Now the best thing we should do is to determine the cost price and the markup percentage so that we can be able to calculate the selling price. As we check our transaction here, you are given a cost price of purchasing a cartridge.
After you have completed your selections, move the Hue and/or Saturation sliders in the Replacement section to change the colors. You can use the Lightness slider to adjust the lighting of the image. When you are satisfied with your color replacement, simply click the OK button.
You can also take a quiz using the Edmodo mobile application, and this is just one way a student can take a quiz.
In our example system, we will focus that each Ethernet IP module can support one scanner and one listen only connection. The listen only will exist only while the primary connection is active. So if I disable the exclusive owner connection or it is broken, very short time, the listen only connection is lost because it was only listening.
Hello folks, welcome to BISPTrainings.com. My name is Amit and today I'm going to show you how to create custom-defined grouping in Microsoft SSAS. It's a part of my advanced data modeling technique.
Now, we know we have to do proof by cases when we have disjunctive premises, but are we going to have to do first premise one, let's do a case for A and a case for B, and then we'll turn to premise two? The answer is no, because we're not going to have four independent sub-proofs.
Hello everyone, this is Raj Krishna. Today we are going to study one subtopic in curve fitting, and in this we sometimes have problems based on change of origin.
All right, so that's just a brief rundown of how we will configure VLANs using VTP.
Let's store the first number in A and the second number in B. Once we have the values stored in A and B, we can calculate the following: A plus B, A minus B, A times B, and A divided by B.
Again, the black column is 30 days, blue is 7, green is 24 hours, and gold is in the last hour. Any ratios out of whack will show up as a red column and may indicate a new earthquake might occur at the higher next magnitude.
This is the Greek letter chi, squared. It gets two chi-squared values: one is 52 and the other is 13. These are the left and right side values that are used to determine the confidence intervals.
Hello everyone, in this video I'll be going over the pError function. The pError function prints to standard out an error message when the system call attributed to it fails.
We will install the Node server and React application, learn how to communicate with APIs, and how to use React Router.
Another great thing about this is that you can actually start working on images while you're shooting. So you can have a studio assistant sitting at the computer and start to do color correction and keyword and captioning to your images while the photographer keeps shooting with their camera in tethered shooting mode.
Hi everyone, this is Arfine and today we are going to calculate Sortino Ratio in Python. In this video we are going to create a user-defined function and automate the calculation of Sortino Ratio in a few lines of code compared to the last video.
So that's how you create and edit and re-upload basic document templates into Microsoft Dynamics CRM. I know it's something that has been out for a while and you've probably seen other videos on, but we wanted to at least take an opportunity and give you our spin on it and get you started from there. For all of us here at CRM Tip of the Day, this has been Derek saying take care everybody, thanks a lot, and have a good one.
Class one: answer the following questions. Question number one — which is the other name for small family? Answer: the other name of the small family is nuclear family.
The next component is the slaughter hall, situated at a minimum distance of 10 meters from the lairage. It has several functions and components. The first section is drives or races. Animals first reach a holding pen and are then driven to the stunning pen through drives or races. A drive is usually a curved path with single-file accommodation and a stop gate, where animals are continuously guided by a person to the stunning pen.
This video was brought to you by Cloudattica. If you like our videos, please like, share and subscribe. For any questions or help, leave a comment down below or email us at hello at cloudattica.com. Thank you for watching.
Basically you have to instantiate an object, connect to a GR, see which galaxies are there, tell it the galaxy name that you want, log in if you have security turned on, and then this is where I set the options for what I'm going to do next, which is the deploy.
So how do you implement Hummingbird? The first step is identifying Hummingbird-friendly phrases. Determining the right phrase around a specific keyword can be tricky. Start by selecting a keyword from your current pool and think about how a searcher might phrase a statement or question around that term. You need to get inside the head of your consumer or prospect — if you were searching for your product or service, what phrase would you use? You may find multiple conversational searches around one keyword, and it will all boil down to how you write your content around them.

----------

Reproduce all of the entries verbatim.

> Output of the task:
Now the best thing we should do is to determine the cost price and the markup percentage so that we can be able to calculate the selling price. As we check our transaction here, you are given a cost price of purchasing a cartridge.
After you have completed your selections, move the Hue and/or Saturation sliders in the Replacement section to change the colors. You can use the Lightness slider to adjust the lighting of the image. When you are satisfied with your color replacement, simply click the OK button.
You can also take a quiz using the Edmodo mobile application, and this is just one way a student can take a quiz.
In our example system, we will focus that each Ethernet IP module can support one scanner and one listen only connection. The listen only will exist only while the primary connection is active. So if I disable the exclusive owner connection or it is broken, very short time, the listen only connection is lost because it was only listening.
Hello folks, welcome to BISPTrainings.com. My name is Amit and today I'm going to show you how to create custom-defined grouping in Microsoft SSAS. It's a part of my advanced data modeling technique.
Now, we know we have to do proof by cases when we have disjunctive premises, but are we going to have to do first premise one, let's do a case for A and a case for B, and then we'll turn to premise two? The answer is no, because we're not going to have four independent sub-proofs.
Hello everyone, this is Raj Krishna. Today we are going to study one subtopic in curve fitting, and in this we sometimes have problems based on change of origin.
All right, so that's just a brief rundown of how we will configure VLANs using VTP.
Let's store the first number in A and the second number in B. Once we have the values stored in A and B, we can calculate the following: A plus B, A minus B, A times B, and A divided by B.
Again, the black column is 30 days, blue is 7, green is 24 hours, and gold is in the last hour. Any ratios out of whack will show up as a red column and may indicate a new earthquake might occur at the higher next magnitude.
This is the Greek letter chi, squared. It gets two chi-squared values: one is 52 and the other is 13. These are the left and right side values that are used to determine the confidence intervals.
Hello everyone, in this video I'll be going over the pError function. The pError function prints to standard out an error message when the system call attributed to it fails.
We will install the Node server and React application, learn how to communicate with APIs, and how to use React Router.
Another great thing about this is that you can actually start working on images while you're shooting. So you can have a studio assistant sitting at the computer and start to do color correction and keyword and captioning to your images while the photographer keeps shooting with their camera in tethered shooting mode.
Hi everyone, this is Arfine and today we are going to calculate Sortino Ratio in Python. In this video we are going to create a user-defined function and automate the calculation of Sortino Ratio in a few lines of code compared to the last video.
So that's how you create and edit and re-upload basic document templates into Microsoft Dynamics CRM. I know it's something that has been out for a while and you've probably seen other videos on, but we wanted to at least take an opportunity and give you our spin on it and get you started from there. For all of us here at CRM Tip of the Day, this has been Derek saying take care everybody, thanks a lot, and have a good one.
Class one: answer the following questions. Question number one — which is the other name for small family? Answer: the other name of the small family is nuclear family.
The next component is the slaughter hall, situated at a minimum distance of 10 meters from the lairage. It has several functions and components. The first section is drives or races. Animals first reach a holding pen and are then driven to the stunning pen through drives or races. A drive is usually a curved path with single-file accommodation and a stop gate, where animals are continuously guided by a person to the stunning pen.
This video was brought to you by Cloudattica. If you like our videos, please like, share and subscribe. For any questions or help, leave a comment down below or email us at hello at cloudattica.com. Thank you for watching.
Basically you have to instantiate an object, connect to a GR, see which galaxies are there, tell it the galaxy name that you want, log in if you have security turned on, and then this is where I set the options for what I'm going to do next, which is the deploy.
So how do you implement Hummingbird? The first step is identifying Hummingbird-friendly phrases. Determining the right phrase around a specific keyword can be tricky. Start by selecting a keyword from your current pool and think about how a searcher might phrase a statement or question around that term. You need to get inside the head of your consumer or prospect — if you were searching for your product or service, what phrase would you use? You may find multiple conversational searches around one keyword, and it will all boil down to how you write your content around them.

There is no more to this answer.